→ Exercise directions:
Without pictures, output exactly the lines running from the line containing "Property photo of" to the end of the listing below.

→ Information provided:

>>>

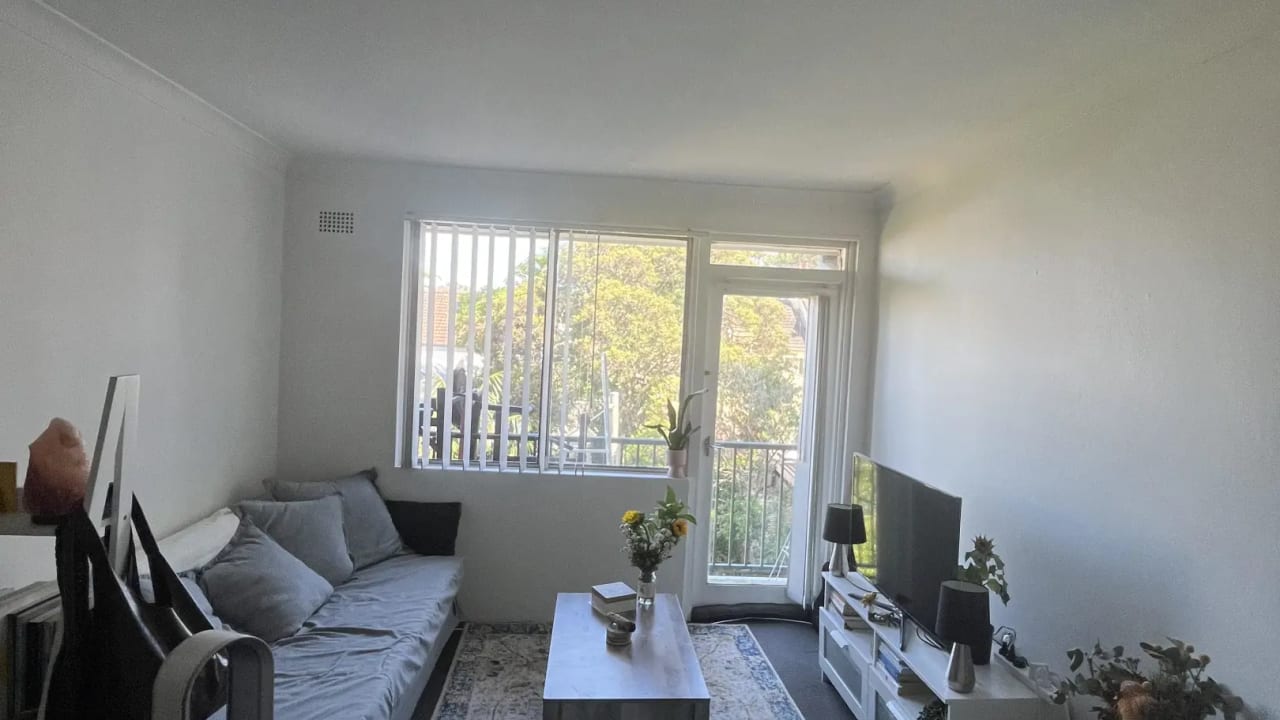 Furnished room studio flat for rent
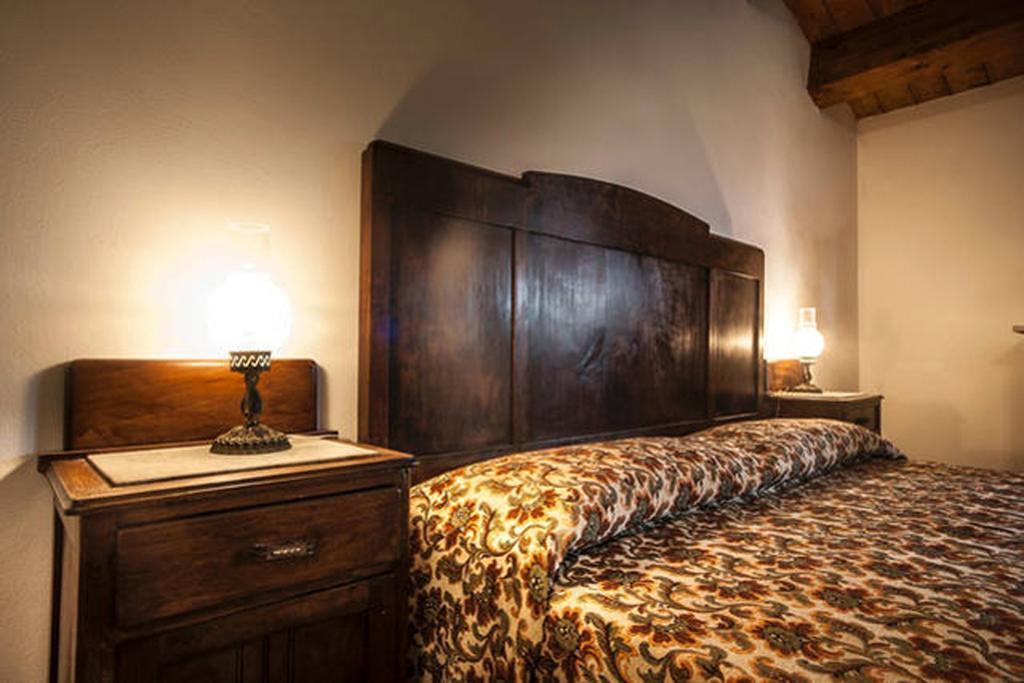 Agriturismo Miracco Atanasio Franco "Il Maniero" Santa Sofia d'Epiro Eksteriør billede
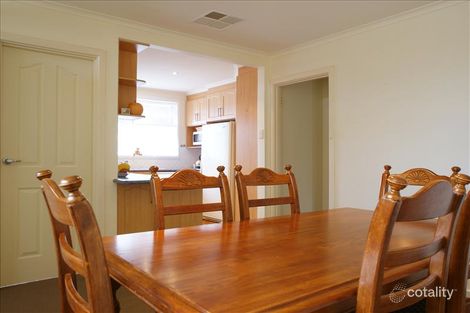 Property photo of 9 Greig Place Macgregor ACT 2615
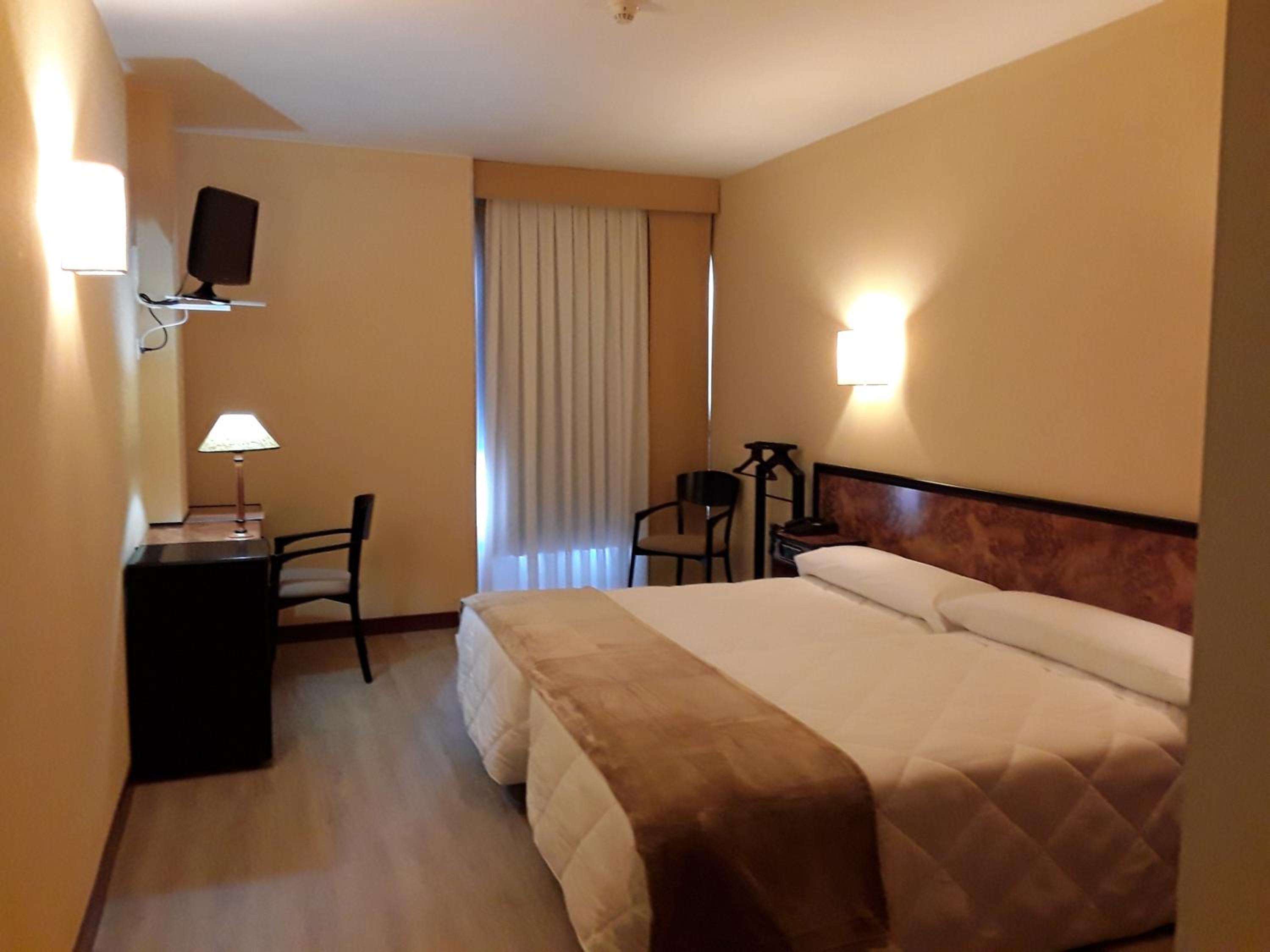 Double or Twin Room - Single Use photo 2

<<<

→ The answer:
 Property photo of 9 Greig Place Macgregor ACT 2615
 Double or Twin Room - Single Use photo 2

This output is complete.